The simple model presented in this note can be expanded in several directions. We can obviously consider more arms and contexts of higher dimensions. In that case, incorporating expert knowledge in the form of more informative priors or more complex surrogate posteriors can be useful. We can also include past observations to achieve faster convergence, and tamper them with lower weights if they are less relevant than the data sampled from the bandits during training. This type of jump start is particularly relevant in fields like online advertising where lower overall probabilities require more observations.

More complex mechanisms could be modeled with deeper Bayesian neural networks.
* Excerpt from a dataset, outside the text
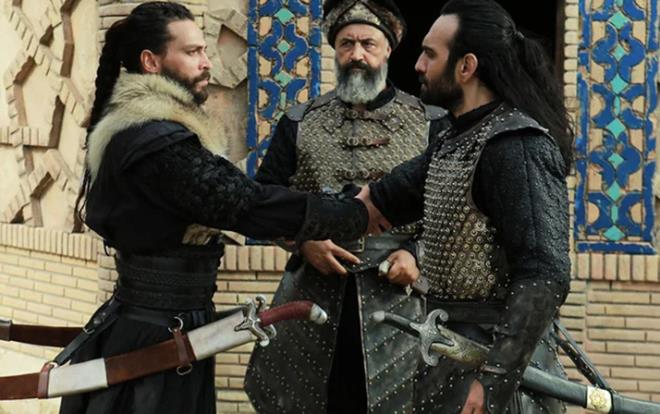 TRT 1'in yeni sezonda ekrana gelen Uyan: Byk Seluklu dizisi ilk blmyle Trkiye ve Dnyada byk yank uyandrd. Seyirciyi ekrana kilitleyen Uyan ilk blmyle dnyada nemli bir baar elde etti.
The important requirement is a layer that can implement Thompson sampling. Moreover, the DistributionLambda top layer is not limited to Bernoulli distributions, and a wide variety of reward distributions can be easily simulated. It is probably reasonable to start with a single DenseVariational layer with adequate priors and variational surrogate posteriors with a top DistributionLambda layer compatible with the rewards, and then try to add layers to improve performance. As in most machine learning problems, the key is experimentation.